From the line containing "-红柳枝滩羊烧烤·非遗" to the end of the records, print every line exactly, both ends included, and leave out the pictures.

* [Extracted information]

—————

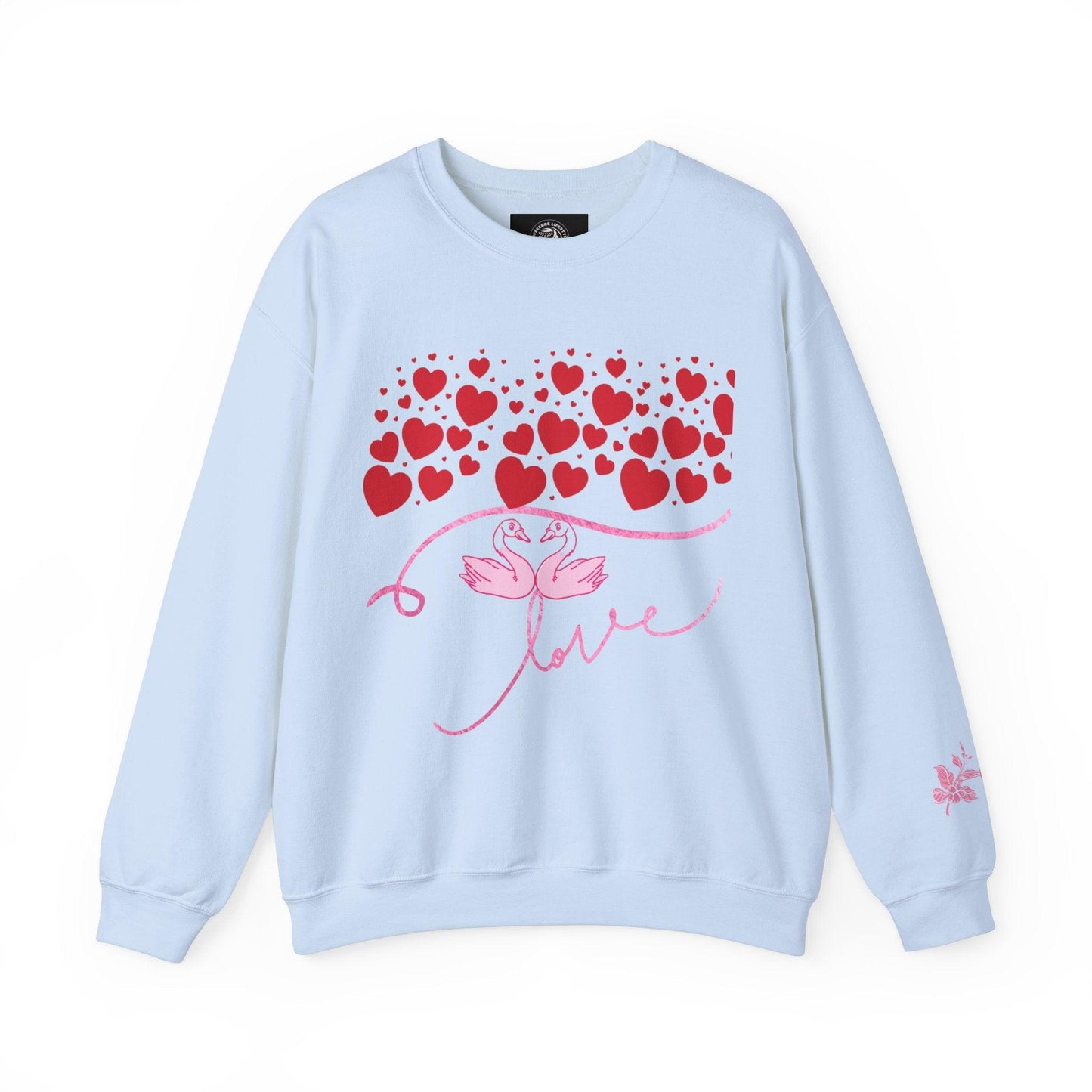 Crewneck Valentine's Love Sweatshirt - COFFEEBRE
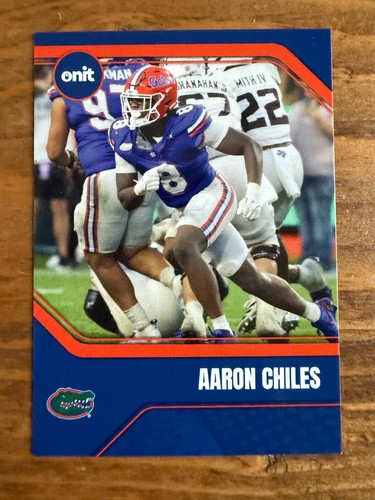 2025 Onit Athlete Florida Gators Football - YOU PICK -Base, Parallels, Inserts - Bild 2 von 125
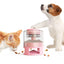 Dog Food Feeder Pet Accessories Cat Feeder Catapult Educational Dog Toys Pet Supplies Food Dispenser Just One Snap Comes Food - Dog Hugs Cat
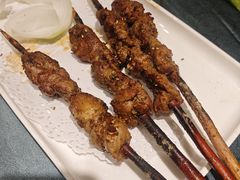 -红柳枝滩羊烧烤·非遗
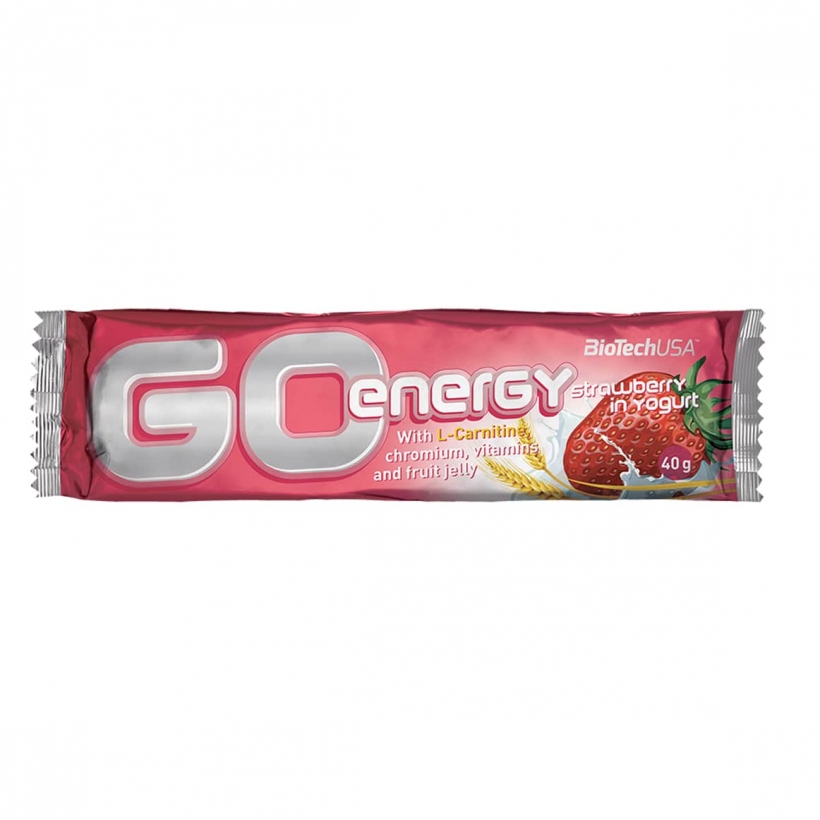 Energy Bar Orange Chocolate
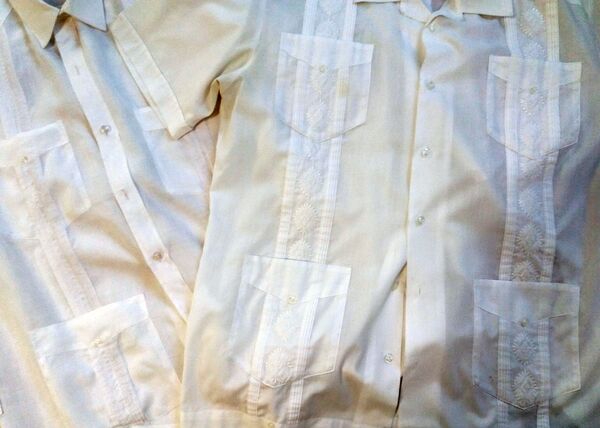 Una guayabera Una guayabera - Sputnik Mundo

—————

* [Solved problem]
 -红柳枝滩羊烧烤·非遗
 Energy Bar Orange Chocolate
 Una guayabera Una guayabera - Sputnik Mundo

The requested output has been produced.